Wouldn’t those times be so much better if we knew that at least one person in our church would go a second mile with us?

More years ago than I wish to admit, I sat on the front porch of a sweaty, smells-of-unwashed-boys cabin during summer camp. As a counselor, I hadn’t done much real counseling, but now I had a boy crying his eyes out who wasn’t even in my cabin, who had just been told that his parents were divorcing. Not having come from a household wrecked by divorce, what could I say? All I could tell that weeping boy was one day God might have him sitting where I was sitting now, and unlike me, he’d know exactly what to say to some weeping boy who’d been handed the same awful news.

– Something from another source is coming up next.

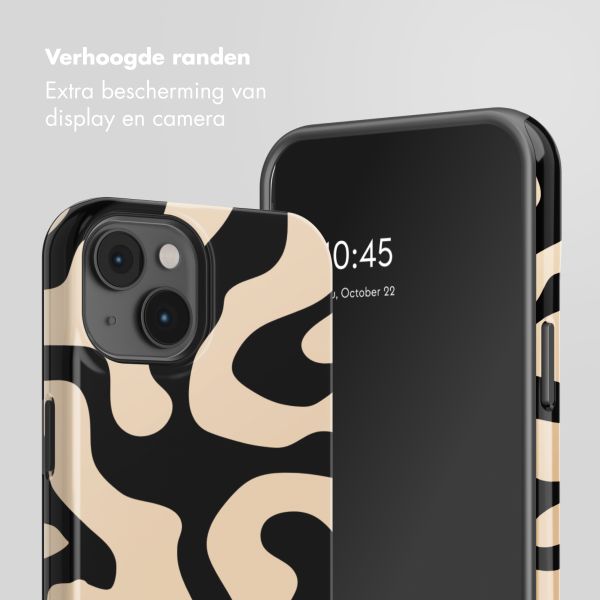 Selencia Vivid Backcover met MagSafe Apple iPhone 14 - Art Wave Black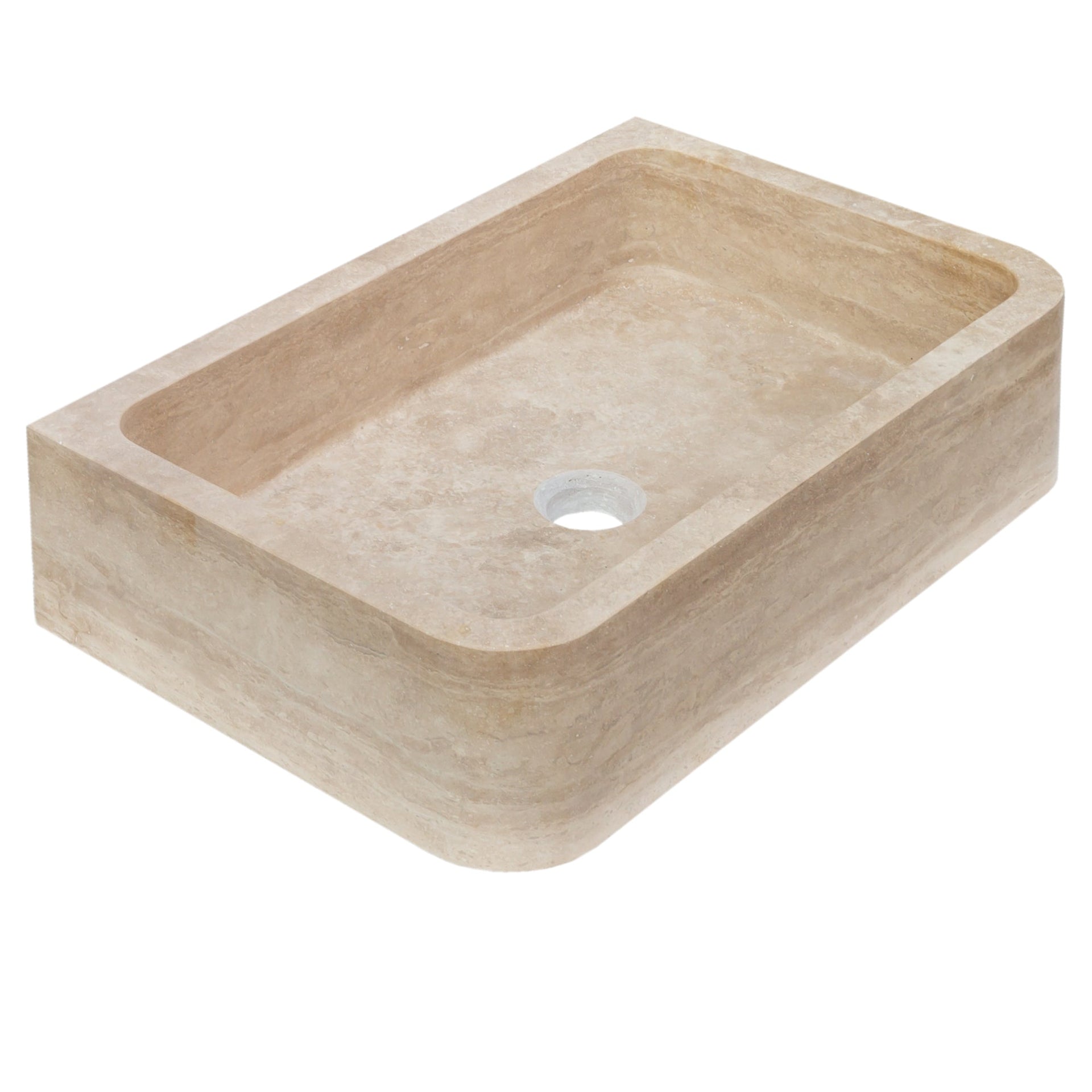 Troia Light Travertine Farmhouse Sink Honed and Filled (W)18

I don’t know what happened to that boy in the long run, but there on the porch he dried his eyes, looked me square in the face, and said, “I’ll know what to say because I’ve been there.” Then we prayed together.

If you’ve been plagued by Purposefully Wayward Servant Syndrome in your life, perhaps the Lord is asking you to sit down beside the very people who are now going through the same misery you once suffered. Your experience can show them they don’t have to eat the bitter herbs that you greedily gulped down in response to feeling abandoned at your point of greatest need, when the world was caving in and God seemed shut up behind six foot thick celestial doors of brass.

I don’t want to add to Jonah, but I’ve got to believe that we would not have seen so much frustration in the life of that Wayward Servant if others stood with him. Sometimes the mere presence of another is the tempering factor that limits the depths of stupidity that some of us so easily fall into.

Be the Church. Be Christ to the grieving. No platitudes or generic memorized spiels that are easily dispensed to the hurting before you flit off to your next scheduled appointment, but real, bloody, messy care in the midst of someone else’s ruin.

You know how desperately it’s needed because you’ve been there, too.